Впрочем, галерея не столько разговорами запомнилась, сколько… поцелуями. Да, в этом уголке замка мы с синеглазым не один час провели. Впрочем, мы везде нацеловаться успели, даже в кладовой при кухне.
— Эмелис, дорогая, тебе нравится? — спросила старушка, поведя рукой. Она на заснеженный пейзаж указывала.
— Очень, — не стала лукавить я.
Госпожа Вента взяла за руку и потянула к ближайшему окну. Дышала хозяйка замка через раз, что с лихвой подтверждало мои опасения. И они, как часто бывает, оправдались…
— Эмелис, понимаю, что мы знакомы совсем недавно, и я не совсем вправе, — сказала Вента, — но… Эмелис, я прошу об услуге.
Я одарила старушку удивлённым взглядом, и тут же услышала:
— Эмелис, пообещай, что после моей смерти вы с Терри поселитесь здесь, в этом замке.
Сказать, что я удивилась, — не сказать ничего. Да я на грани обморока оказалась! Я ждала чего угодно, только не этого. О Всевышний!
— Госпожа Вента, — укоризненно протянула я.
Мой тон был понят совершенно правильно.
— Нет-нет! — поспешила заверить графиня. — Умирать прямо сейчас я не собираюсь. Но ты же понимаешь — никто не вечен. Эмелис, я очень люблю этот замок, поэтому и прошу. Никто не позаботится о нём так, как ты. А Терри… он тут вырос.
Я стояла и молчала. Язык прилип к нёбу, слова застряли комом.
— Да, от столицы замок далековато, — продолжала тем временем старушка, — но в действительности это не проблема. Он стоит на источнике, запаса магии хватит на десять-двенадцать веков, так что портал в полном вашем распоряжении. Понимаешь?
Я понимала одно — я не могу сказать «да». Не могу соврать! Даже из вежливости. Просто Вента… она слишком искренна сейчас. Но и правду говорить не смею…
— Госпожа Вента, — выдохнула я, отводя глаза. — Госпожа Вента, благодарю. От всего сердца. Но…
— Но? — вклинилась старушка.
Я снова вздохнула и, по-прежнему не глядя на собеседницу, продолжила:
— Госпожа Вента, мы с Киром маги. Как магам нам дозволено больше, и именно этим правом мы воспользовались. Наш союз… он временный. У каждого из нас слишком много обязательств, и…
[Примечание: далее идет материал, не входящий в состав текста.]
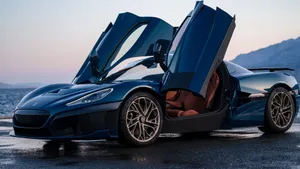 Rimac Automobili High-performance Electric Car On Urban Streets Wallpaper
— Эмелис, — перебила графиня. Успокаивающе коснулась плеча. — Не надо так говорить.
— Как так? — собственный голос изменил, дрогнул.
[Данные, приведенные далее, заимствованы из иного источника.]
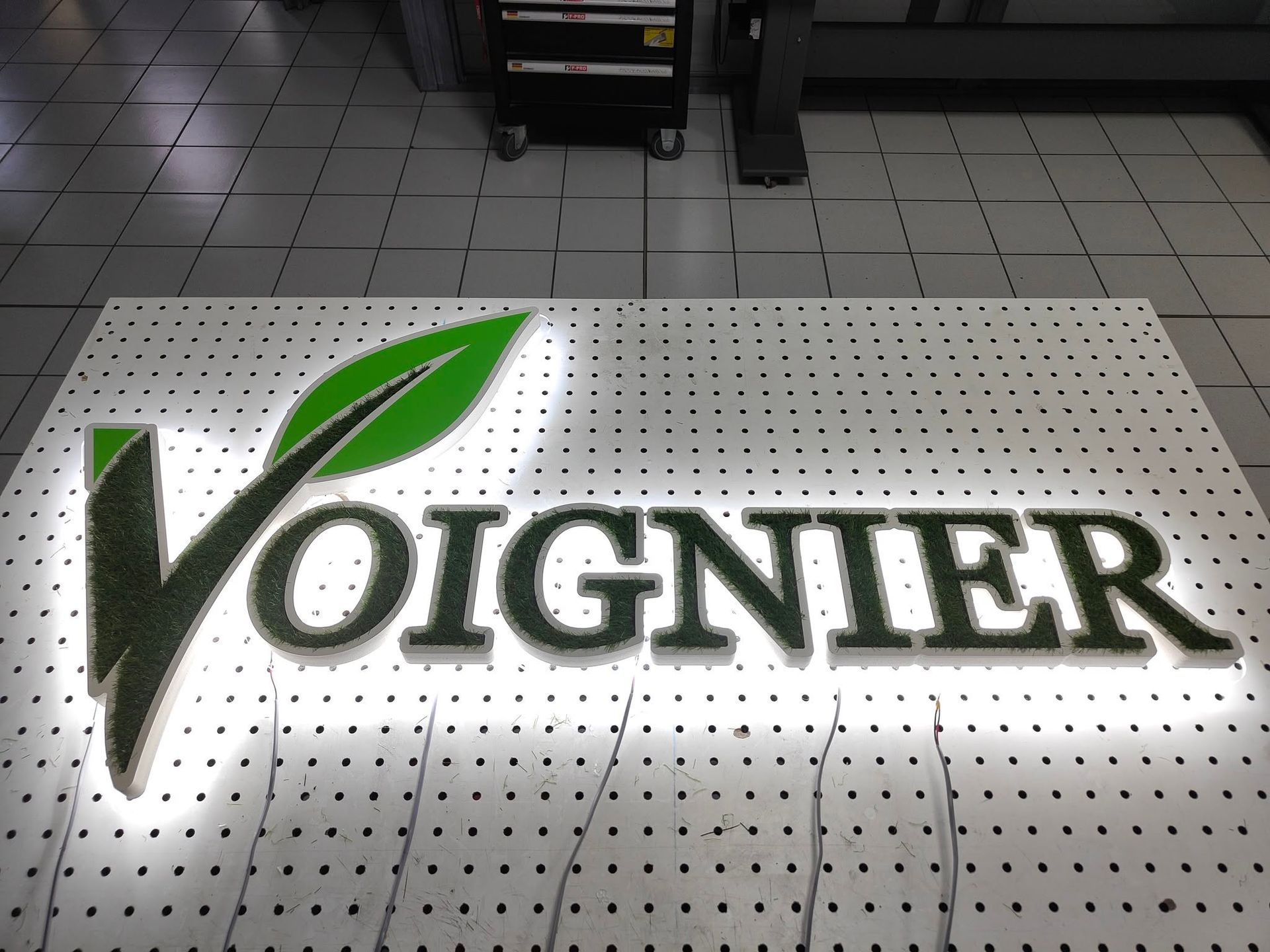 Logo Voignier sur une surface blanche perforée avec un accent de feuille verte.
Я подняла глаза, чтобы увидеть тёплую, терпеливую улыбку.
— Девочка моя, в нашем мире браки по любви такая редкость, что пренебрегать возможностью связать судьбу с любимым человеком — преступление. Это хорошо, что ты помнишь об обязательствах перед семьёй, и я понимаю, почему союз с Терри кажется тебе невозможным, но Эмелис… Эмелис, открой глаза. Вы идеально подходите друг другу.
Сдержать горькую усмешку я не сумела. Мы? Подходим? Ну разве что в мечтах сентиментальной старушки…
Я верилийка. Дочь Форана из рода Бьен. Единственная наследница. Даже если забыть о помолвке с Ридом и притязаниях отца на трон… Нет, всё слишком сложно.
— Терри любит тебя, — прошептала Вента. — Не отказывайся от него. Пожалуйста.
От этих слов, так похожих на мольбу, в уголках глаз выступили слёзы. Пришлось зажмуриться, чтобы вернуть себе хотя бы подобие спокойствия. А чтобы возвратить спокойствие этой милой, наивной женщине, пришлось вздохнуть и сказать:
— Хорошо, госпожа Вента. Я попробую.
Несколько минут нас окружала тишина. Я по-прежнему жмурилась, силясь сдержать слёзы, а графиня, не стесняясь, достала из кармана платок и промокнула глаза. Потом ещё раз, и ещё…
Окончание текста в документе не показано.